Et toi aussi oreille gauche toi qui des portes de mon amour est la quatrième
Ô vous, les oreilles de mon amour je vous bénis
Portes qui vous ouvrîtes à ma voix
Comme les roses s`ouvrent aux caresses du printemps
C`est par vous que ma voix et mon ordre
Pénètrent dans le corps entier de Madeleine
J`y entre homme tout entier et aussi tout entier poème
Poème de son désir qui fait que moi aussi je m`aime

Narine gauche de mon amour cinquième porte de mon amour et de nos désirs
J`entrerai par là dans le corps de mon amour
J`y entrerai subtil avec mon odeur d`homme
L`odeur de mon désir
L`âcre parfum viril qui enivrera Madeleine

Narine droite sixième porte de mon amour et de notre volupté
Toi qui sentiras comme ta voisine l`odeur de mon plaisir
Et notre odeur mêlée plus forte et plus exquise qu`un printemps en fleurs
Double porte des narines je t`adore toi qui promets tant de plaisirs subtils
Puisés dans l`art des fumées et des fumets.

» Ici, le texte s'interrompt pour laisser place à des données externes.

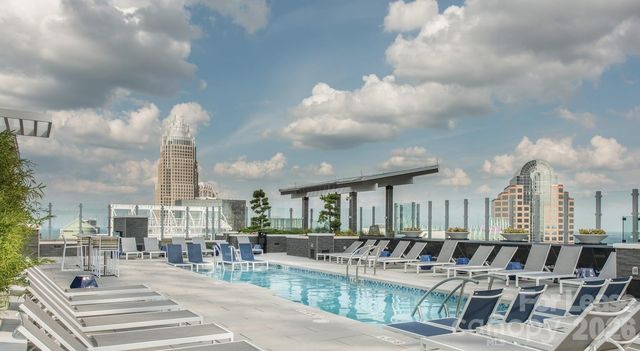 525 S Church Street 1F PREMIUM, Charlotte, NC 28202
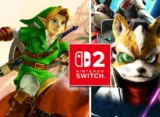 ¿Hacía donde vamos Nintendo?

Bouche de Madeleine septième porte de mon amour
Je vous ai vue, ô porte porte rouge, gouffre de mon désir
Et les soldats qui s`y tiennent morts d`amour m`ont crié qu`ils se rendent
Ô porte rouge et tendre

Ô Madeleine il est deux portes encore
Que je ne connais pas
Deux portes de ton corps
Mystérieuses

Huitième porte de la grande beauté de mon amour
Ô mon ignorance semblable à des soldats aveugles parmi les chevaux de frise sous la lune liquide des Flandres à l`agonie !
Ou plutôt comme un explorateur qui meurt de faim de soif et d`amour dans une forêt vierge
Plus sombre que l`Érèbe
Plus sacrée que celle de Dodone
Et qui devine une source plus fraîche que Castalie
Mais mon amour y trouverait un temple
Et après avoir ensanglanté le parvis sur qui veille le charmant monstre de l`innocence
J`y découvrirais et ferais jaillir le plus chaud geyser du monde
Ô mon amour, ma Madeleine
Je suis déjà le maître de la huitième porte

Et toi neuvième porte plus mystérieuse encore
Qui t`ouvres entre deux montagnes de perles
Toi plus mystérieuse encore que les autres
Porte des sortilèges dont on n`ose point parler
Tu m`appartiens aussi
Suprême porte
À moi qui porte
La clef suprême
Des neuf portes

Ô portes ouvrez-vous à ma voix
Je suis le Maître de la Clef

 

Wilhelm Albert Włodzimierz Apolinary Kostrowicki (Guillaume Apollinaire) was a French poet, playwright, short story writer, novelist and art critic born in Rome, in Italy, to a Belarusian mother.

Among the foremost poets of the early 20th century, he is credited with coining the word Surrealism and writing one of the earliest works described as surrealist, the play The Breasts of Tiresias (1917, used as the basis for a 1947 opera). Two years after being wounded in , he died in the Spanish flu pandemic of 1918 at age 38.